A drug awareness programme run by the Church of Scientology has received government funding to spread its views through schools and community groups (Sunday Star Times, 19 February(.

“Drug-free ambassadors” linked to the church have distributed 130,000 drug education booklets around New Zealand, paid for in part by the Department of Internal Affairs’ Community Organisations Grant Scheme. The ambassadors claim at least 18 community groups – including Maori Wardens, one of whom is also an ambassador – and at least seven high schools, endorse and use the materials.

The pamphlets are based on L Ron Hubbard’s ideas on self-improvement through purging oneself of painful experiences.

NZ Drug Foundation executive director Ross Bell called the information flawed pseudo-science which could prove harmful to youth. “This kind of quackery should not be in our schools ” we are talking about young people’s lives,” he said.

Other critics, including former Scientologists, say the drug-free ambassadors are a front group aimed at recruitment which does not openly disclose its ties to the church. The group, which has various aliases, has also come under fire overseas, including in Australia where its links to the government were described as “worrying”.

Scientology New Zealand listed its income for 2010 as $1.2 million.

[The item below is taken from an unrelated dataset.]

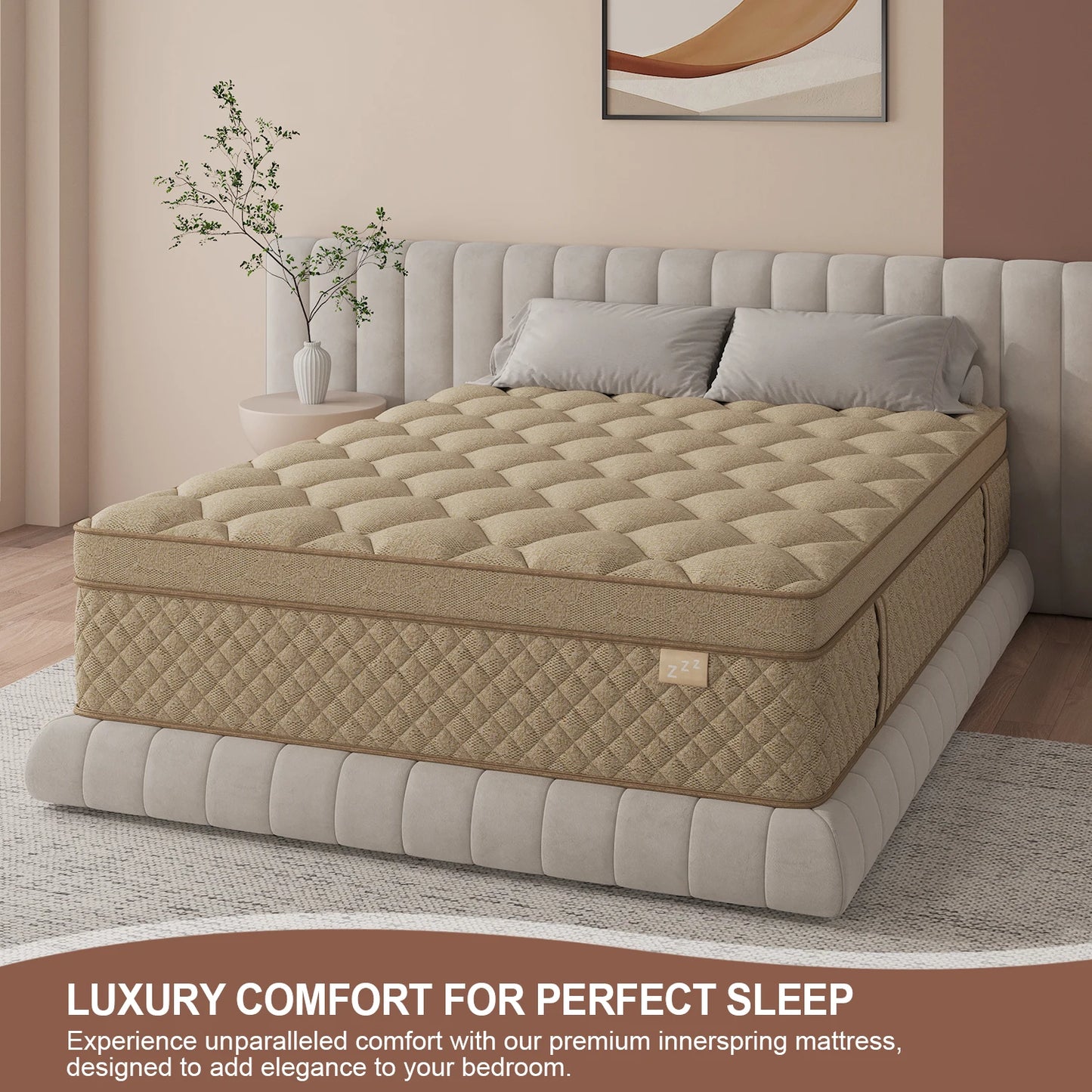 12"14" Gel Memory Foam Hybrid Pocket Spring Mattress. Twin Full Queen King Mattress, Medium Firm with Motion Isolation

Drug-Free Ambassadors had an income of approximately $6700, of which $6500 was grants.

Green MP Kevin Hague said any funding given to a group that was a front for the church should be stopped. “In the case of someone who is struggling with drugs, they are very vulnerable. So their exploitation by the church for their own ends is despicable.”

Former Skeptic editor dies

Owen McShane, who was editor of the NZ Skeptic from 1994 to 1997, has died, aged 70 (National Business Review, 7 March).

Owen was a longstanding member of the NZ Skeptics and had a regular column in the NBR. He died suddenly at his home in Kaiwaka near Kaipara Harbour, not long after recent heart surgery.

NBR editor Nevil Gibson writes that Owen’s early career encompassed town planning, urban economics and public policy, and he turned to venture capitalism in the 1970s. More recently he established the Centre for Resource Management, a one-man think tank that advocated a laissez-faire approach to environmental and planning issues. Nonetheless he saw himself as an enthusiastic environmentalist, advocating a “gourmet culture” for small land-holders, and putting his ideas into practice on his own property.

Owen wrote and published extensively on a wide range of issues. He was a columnist for Metro from 1983-94 and launched his own magazine, Straight Thinking, in 1994.

He appeared regularly at resource consent hearings after the passing of the Resource Management Act, on which he was a consultant, fighting against what he saw as destructive planning practices such as “smart growth”.

In 1996, he wrote an important report for the Reserve Bank on how planning rules contributed to the high costs of land for residential building – an issue on which the minister for the environment commissioned a further report in 1998.

He was a member of the committee that recommended casinos be established in New Zealand, a member of the Auckland Area Health Board, and was, says Gibson, a sought-after speaker for local and overseas conferences.

Jesus cures cancer?

A Napier church has raised the ire of locals with a billboard stating “Jesus heals cancer” ( NZ Herald, 28 February).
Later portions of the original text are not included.